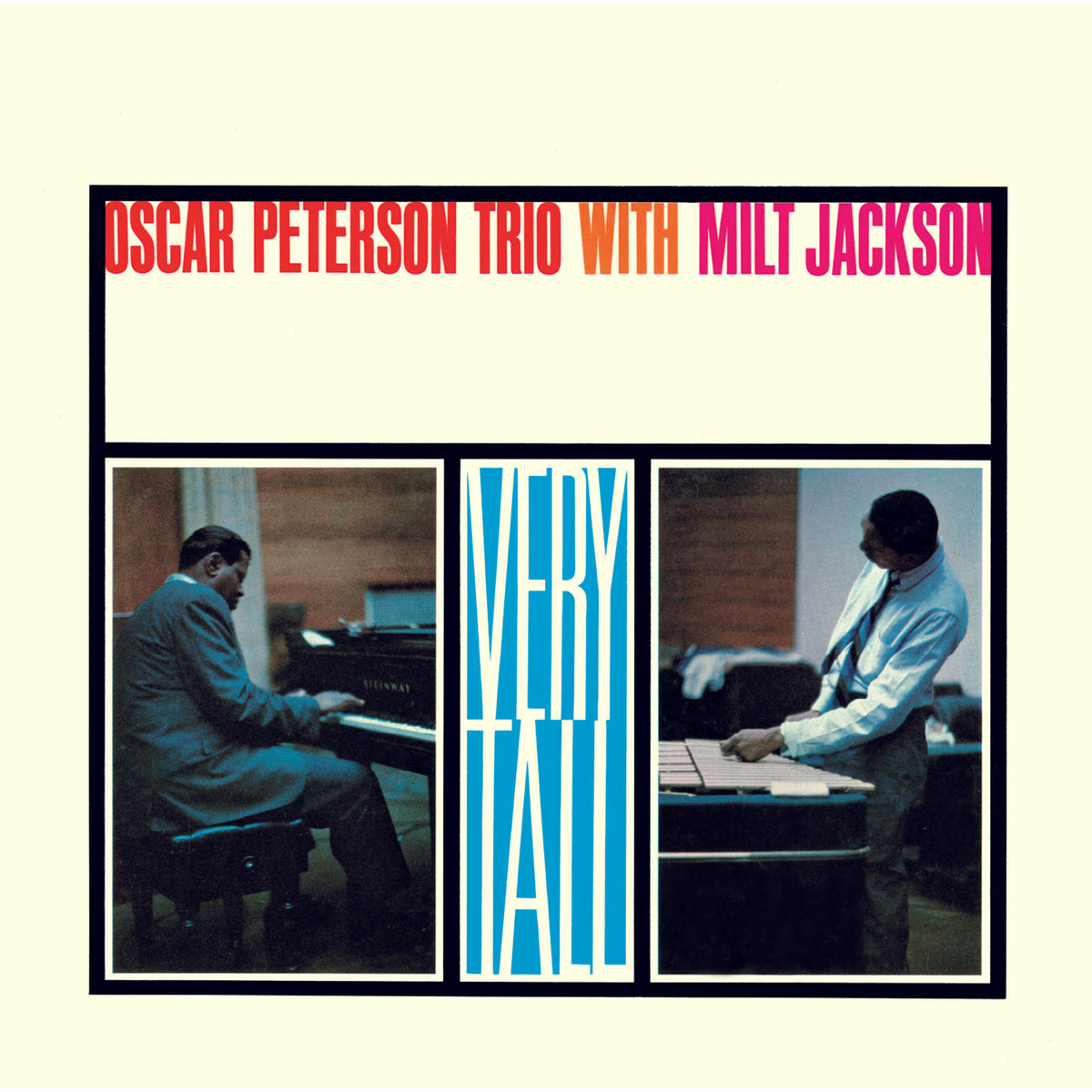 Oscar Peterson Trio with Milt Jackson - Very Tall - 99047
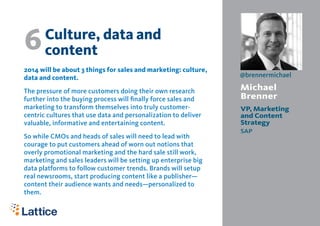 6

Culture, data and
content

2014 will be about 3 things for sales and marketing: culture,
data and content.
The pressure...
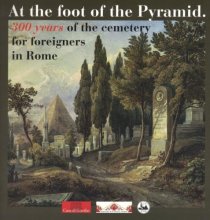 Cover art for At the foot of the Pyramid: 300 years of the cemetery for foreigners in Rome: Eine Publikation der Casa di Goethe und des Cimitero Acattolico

==

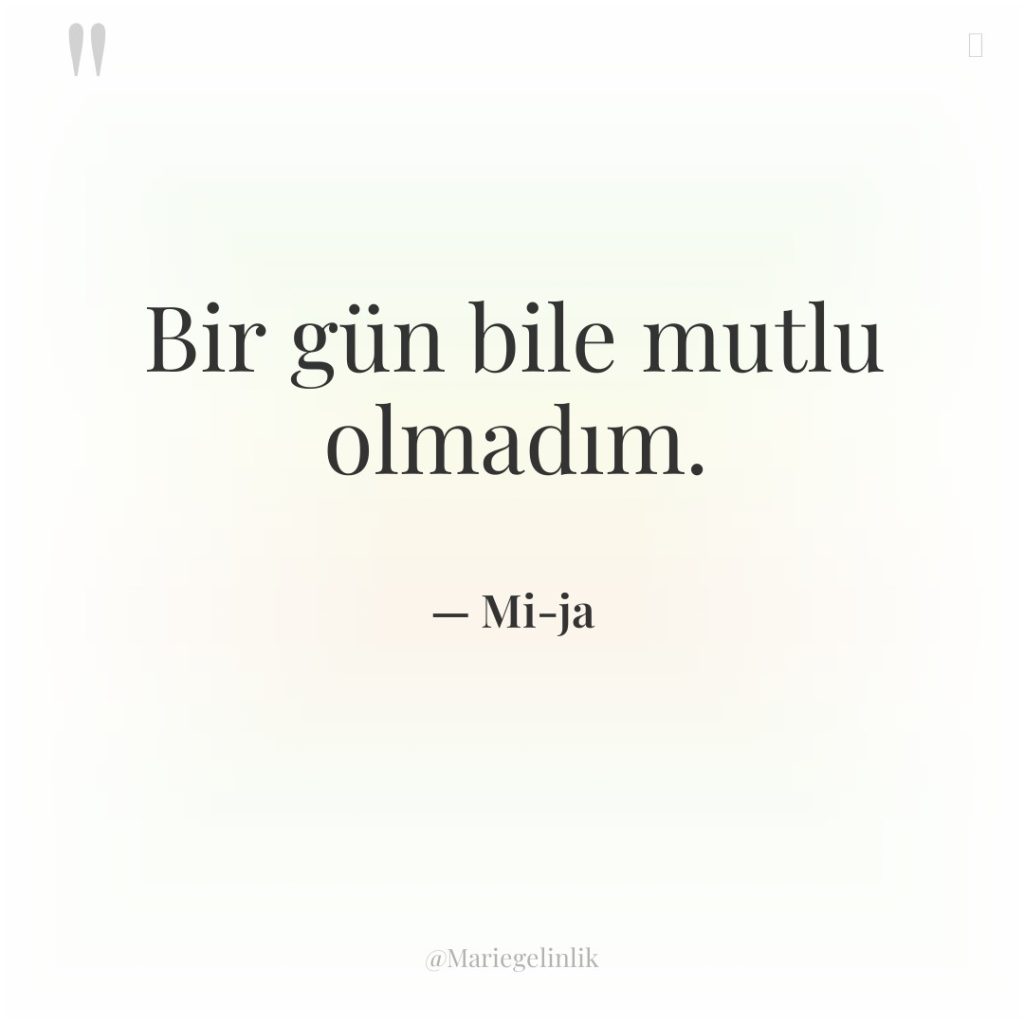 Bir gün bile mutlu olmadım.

* * *

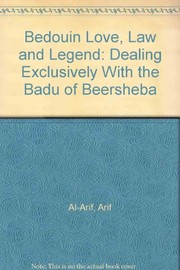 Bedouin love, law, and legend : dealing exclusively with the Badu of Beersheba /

Task to carry out – Print from the line containing "data and content." through the line containing "Cover art for" in the data above, exactly as the lines stand, and omit every picture.

Output of the task –
data and content.
The pressure...
 Cover art for At the foot of the Pyramid: 300 years of the cemetery for foreigners in Rome: Eine Publikation der Casa di Goethe und des Cimitero Acattolico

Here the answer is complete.